This is just using whole-number rounding to achieve the trick that we all learned at school for cutting off at some number of decimal places: take the first N digits after the decimal, and round the right-most one up or down.

If you think about this in rounding 12.3456 to 2 decimal places, you naturally expect the result to be 12.35, because the '4' is the right-most of the two digits and gets rounded up by the '5' that follows.

Now, to achieve this with math we utilize floor to achieve the rounding (actually you can utilize std::round instead).

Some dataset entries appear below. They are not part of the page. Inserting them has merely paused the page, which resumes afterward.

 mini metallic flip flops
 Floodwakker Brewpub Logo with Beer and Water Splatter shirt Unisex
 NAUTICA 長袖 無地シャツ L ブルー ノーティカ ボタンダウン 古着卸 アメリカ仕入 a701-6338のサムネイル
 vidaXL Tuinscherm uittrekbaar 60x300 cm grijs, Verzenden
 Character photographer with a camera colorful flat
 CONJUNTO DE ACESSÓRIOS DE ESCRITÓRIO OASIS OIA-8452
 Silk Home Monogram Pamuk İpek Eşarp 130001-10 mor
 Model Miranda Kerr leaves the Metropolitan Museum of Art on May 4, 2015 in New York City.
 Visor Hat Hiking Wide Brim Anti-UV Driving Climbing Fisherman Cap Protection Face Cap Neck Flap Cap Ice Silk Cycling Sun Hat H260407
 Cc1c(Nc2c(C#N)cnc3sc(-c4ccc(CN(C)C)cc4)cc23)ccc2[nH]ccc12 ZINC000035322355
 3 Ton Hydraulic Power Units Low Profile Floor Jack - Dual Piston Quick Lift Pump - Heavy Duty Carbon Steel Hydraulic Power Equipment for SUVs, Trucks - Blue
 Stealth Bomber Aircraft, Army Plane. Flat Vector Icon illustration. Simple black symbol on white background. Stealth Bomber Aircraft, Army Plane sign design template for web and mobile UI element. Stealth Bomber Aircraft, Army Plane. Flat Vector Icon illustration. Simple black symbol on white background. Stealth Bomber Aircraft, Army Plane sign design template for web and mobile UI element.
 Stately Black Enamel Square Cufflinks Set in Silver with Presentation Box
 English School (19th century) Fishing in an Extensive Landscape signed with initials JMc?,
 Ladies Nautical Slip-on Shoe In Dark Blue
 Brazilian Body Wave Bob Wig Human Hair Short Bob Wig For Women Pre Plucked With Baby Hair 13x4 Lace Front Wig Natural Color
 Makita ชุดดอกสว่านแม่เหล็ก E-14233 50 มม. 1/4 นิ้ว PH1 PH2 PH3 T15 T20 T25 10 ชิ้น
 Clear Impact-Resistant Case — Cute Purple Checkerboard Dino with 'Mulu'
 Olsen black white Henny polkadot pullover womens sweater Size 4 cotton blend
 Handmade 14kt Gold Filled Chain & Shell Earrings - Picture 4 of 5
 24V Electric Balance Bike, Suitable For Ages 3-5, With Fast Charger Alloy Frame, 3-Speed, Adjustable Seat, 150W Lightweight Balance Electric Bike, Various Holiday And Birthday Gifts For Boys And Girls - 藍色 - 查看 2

But that will take us to a whole number and we'll lose all the fractional part.

To avoid that, we first multiply by 100, moving all the interesting parts into the whole number realm:

1234.56

If you round this number to the nearest whole value with either std::floor(x+0.5) or std::round(x), you then get:

1235.0

Finally, dividing this by 100 gives you the number rounded (yes, remember we rounded it) to two decimal places:

12.35

Hopefully you now see what's going on with the call to pow. By raising 10 to the power of nPrecision, we get a scaling factor that will provide that many decimal places after rounding, when using this trick. In this case, we wanted 2, and pow(10,2) is 100.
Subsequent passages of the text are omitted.